In order for students to become fluent
hypermedia composers, they need to have facility with and be
able to orchestrate at least five forms of representation: oral,
print, visual, computer, and hypertext. If
students' hypermedia projects include audio or video elements,
then they will also need some fluency with music and various
forms of visual and media literacy.
Collaborative hypermedia design
projects demand that students communicate orally with one
another and with the teacher; in the project described here,
students also communicated with adults they interviewed and with
other students in their class. All of the e-zeen editors felt
that they used their speaking and listening skills while working
in a collaborative group. Alan said, "[I] listened to what other
people would say, and I listened to what they would do, then I'd
help — instead of just do it all myself." Crash said, "Since I
had pretty much no clue how to make a website, I had to listen
more to learn how to do everything, or else it would've just
been a mess." Larissalynn remarked, "You had to listen to
directions 'cause you don't want to mess up." Rissa commented
that when the topic is something interesting like computers, "I
listen more than I usually do." She also thought that the
project helped her speaking skills because she had spent a lot
of time "asking people if they wanted a story on, or
interviewing people." Larissalynn mentioned that she tried to
use "proper grammar so people will know what you're saying."
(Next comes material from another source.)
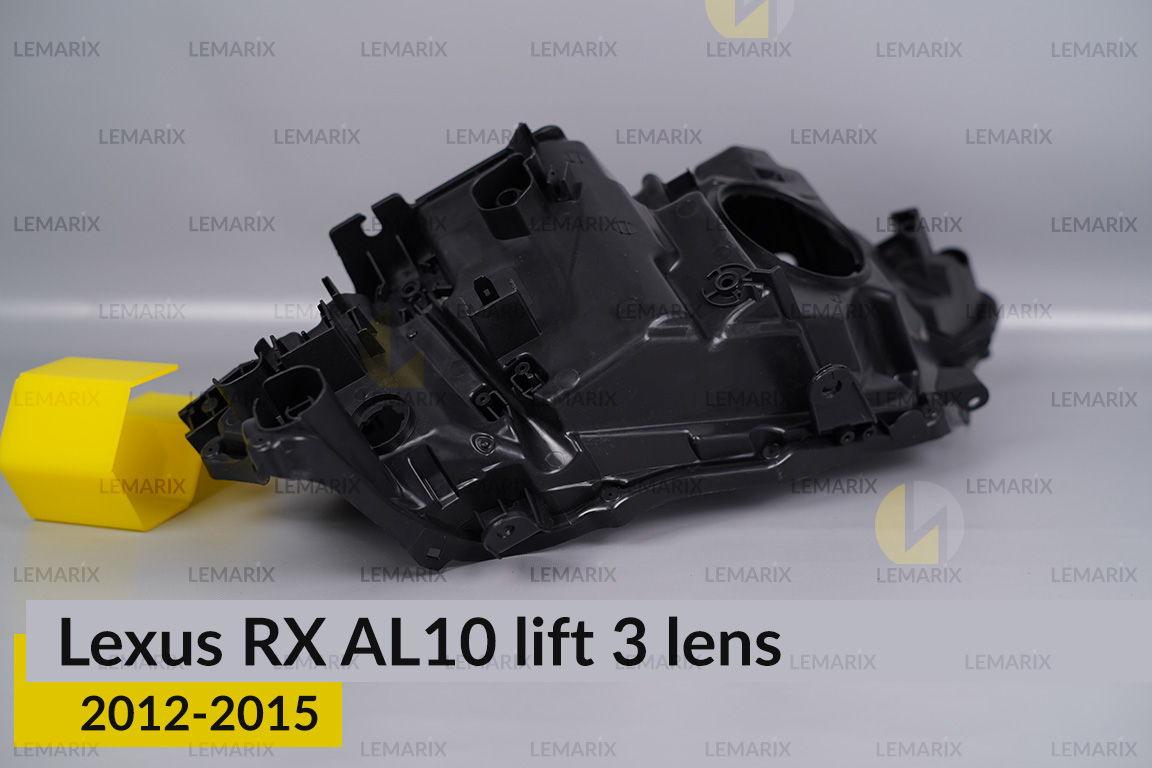 Корпус фары Lexus RX AL10 3 линзы (2012-2015) рест правый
The students made numerous references
in their reflection logs to collaboration and sharing ideas.
Cory said that he liked being a part of the project because "you
get to work with other people and it helps your...'working with
others' skills." Larissalynn, who rarely talks during whole
class discussions, felt that being in a small group had a
positive effect on her ability to communicate: "It helped my
talking and communicating. I speak up for myself more." Rissa
appreciated how "we all worked together, and we're not...putting
down each other's ideas."
However, collaboration was not always
enjoyable. There were occasional struggles over control of the
mouse, and numerous compromises had to be made about what was
going to go on the webpage. Cory reflected that the most
difficult part of the project was "working with other people"
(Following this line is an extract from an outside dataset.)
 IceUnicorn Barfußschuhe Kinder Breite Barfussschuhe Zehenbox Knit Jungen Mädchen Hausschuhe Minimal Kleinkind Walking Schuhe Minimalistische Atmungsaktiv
because "you want to do an idea and they don't like it.... You
really want to do something, but you really got to work with
them on it." Jean remarked that "You had to listen to what your
partner said they wanted to do, 'cause if you wanted to do
something different than them, then you would have to
compromise." While collaboration can sometimes be frustrating
for students, it promotes development of literacy
and social skills they will need in the adult world of
interpersonal relationships, community, and the workplace
(Finkelman & McMunn, 1995, online abstract; Lehrer, Erickson, &
Connell, 1994).
Contrary to the notion that digital
literacies will render print literacies
obsolete, digital authoring actually necessitates the use of
various print literacy skills (Eagleton, 1999b).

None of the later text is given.